# Zeiss 15mm f/2.8 vs. Canon 17mm T-E f/4.0



## infared (Mar 27, 2013)

Here is my dilemma. I am a generalist..no.... not an architectural photographer but...it does come up.
I am not shooting northern lights...so I do not definitely need the 2.8, but......(LOL!)
The filter thing is not going to sway me..what is available at 95mm anyway????? 
I shoot a lot of set up shots inside with models and props. I do shoot buildings... Occasionally tabletop product...but not shooting professionally any more....just what I like, when I like.
... it could be nice to shoot some handheld shots at times in low light. (I know that is a crap shoot).
Both of these lenses are awesome...and I am just wondering if anyone has used both and could give me 
some insight as to sway me one way or the other. I have to admit...it is a wonderful problem to have ....so I am enjoying the ponder....
I definitely want to order one or the other in the next week or two....
Any thoughts?


----------



## NWPhil (Mar 27, 2013)

I was able to rent the Zeiss 15mm and borrow (CPS) the TS-e 17mm
Both are beautifull, super-sharp/IQ, heavy and MF only - but the TS-e is more versatile.
the 17mm will allow you to stich shots to get as wide as a 11mm lens, but you will need a tripod, so the 15 wins in FOV.
The rest you know - price.
If I could afford it, I would get both, but right now I rather wait to see what Canon is going to do (or not) regarding the 14-24 rumour.
If you already used both, and liked either, then there is wrong way to go, considering you being a generalist.


----------



## infared (Mar 27, 2013)

NWPhil said:


> I was able to rent the Zeiss 15mm and borrow (CPS) the TS-e 17mm
> Both are beautifull, super-sharp/IQ, heavy and MF only - but the TS-e is more versatile.
> the 17mm will allow you to stich shots to get as wide as a 11mm lens, but you will need a tripod, so the 15 wins in FOV.
> The rest you know - price.
> ...



Yeah...interesting you bring up the 14-24..I have a 16-35mmL but we both know that is not in the realm of the choice I am making here...but when you need autofocus it is there with that zoom (or more casual shooting).

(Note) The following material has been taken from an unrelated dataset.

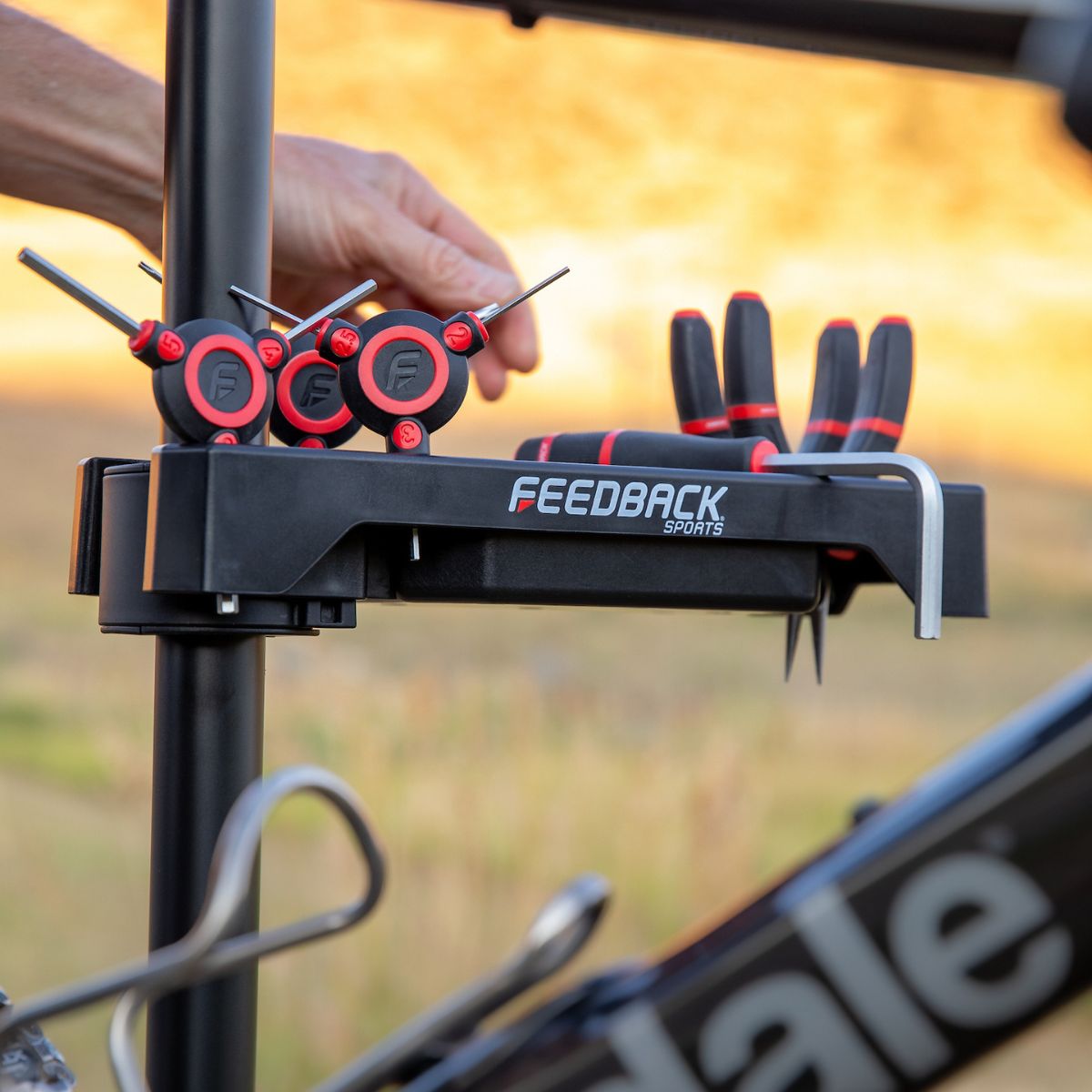 FEEDBACK SPORTS - REPAIR STAND COMPACT TOOL TRAY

I would still like to get the Zeiss 15mm or the Canon 17mm and if the new zoom comes along I would unload the 16-35 to get that. Even if the new zoom is super sharp it will have distortion issues at the wide end as all zooms do...but I thank you for your input...I really am not leaning either way yet! ....but I am having fun thinking about this...can't afford both!!!! LOL!


----------



## RGF (Mar 29, 2013)

The canon 14mm is a gem. Auto focus, wider the either the 17 TS-E or the Zeiss 15. No filter though


----------